Universal conductance enhancement and reduction of the two-orbital Kondo effect

TL;DR

This paper theoretically examines how interaction asymmetry influences conductance in two-orbital Kondo systems, revealing conductance enhancement or reduction and suggesting SU(4) universal behavior consistent with experiments.

Contribution

It introduces a theoretical analysis of conductance modulation due to interaction asymmetry in two-orbital Kondo systems, highlighting effects on linear and nonlinear conductance profiles.

Findings

Interaction asymmetry significantly alters conductance profiles.

SU(4) universal behavior is observed within feasible experimental parameters.

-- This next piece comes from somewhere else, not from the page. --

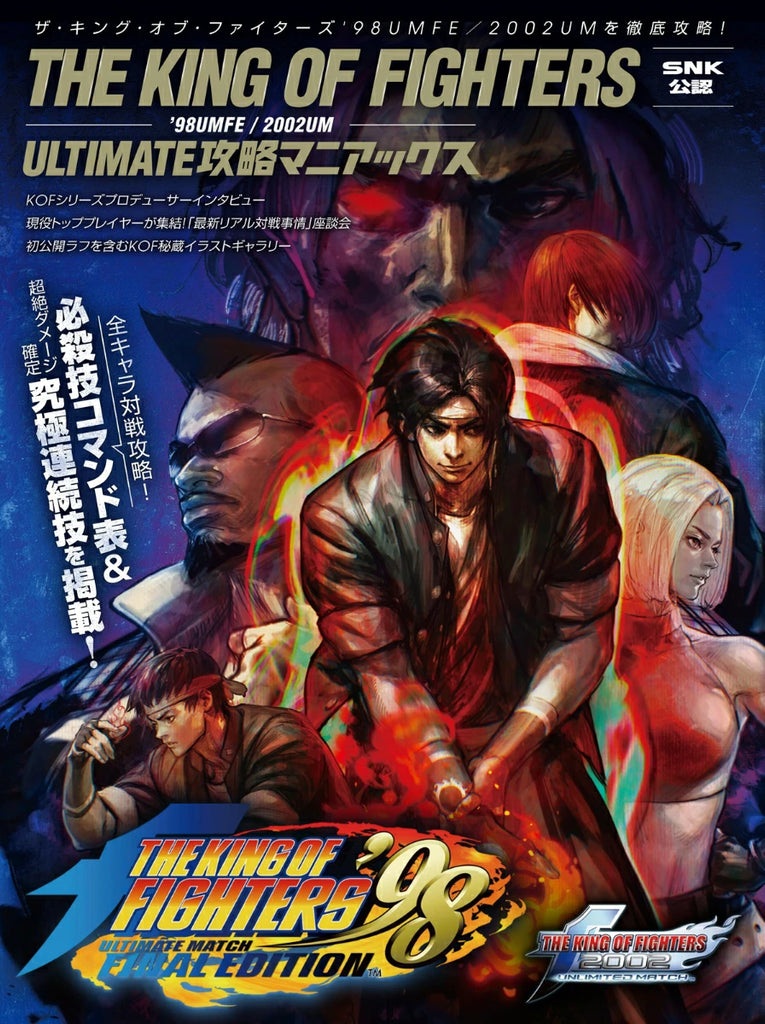 The King of Fighters '98UMFE/2002UM: ULTIMATE Strategy Guide (Pages 111)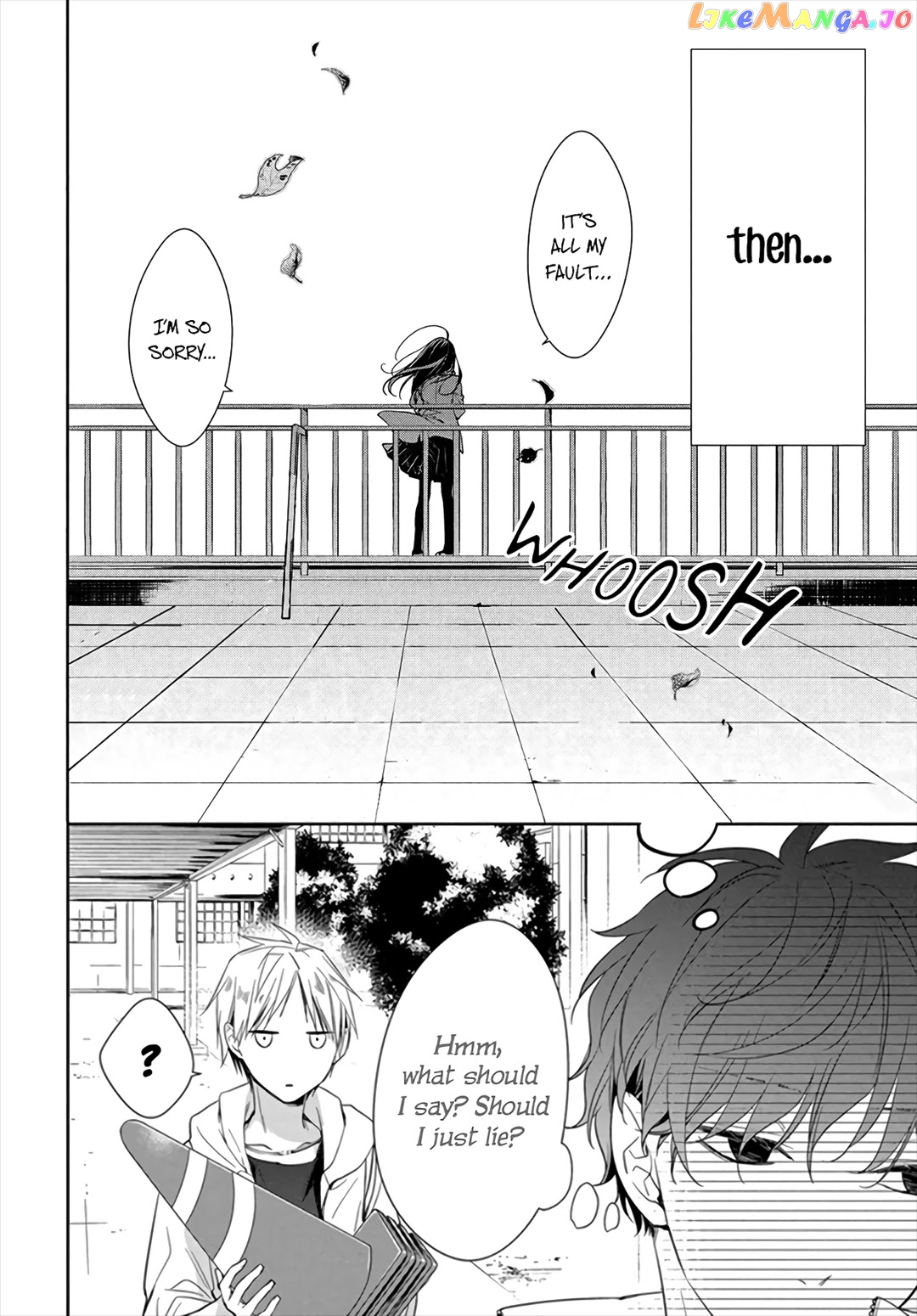 Tsuiraku JK to Haijin Kyoushi chapter 25 - page 4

Comparison with experiments supports the theoretical predictions.

Abstract

We investigate theoretically the linear and nonlinear conductance through a nanostructure with two-fold degenerate single levels, corresponding to the transport through nanostructures such as a carbon nanotube, or double dot systems with capacitive interaction. It is shown that the presence of the interaction asymmetry between orbits/dots affects significantly the profile of the linear conductance at finite temperature, and, of the nonlinear conductance, particularly around half-filling, where the two-particle Kondo effect occurs. Within the range of experimentally feasible parameters, the SU(4) universal behavior is suggested, and comparison with relevant experiments is made.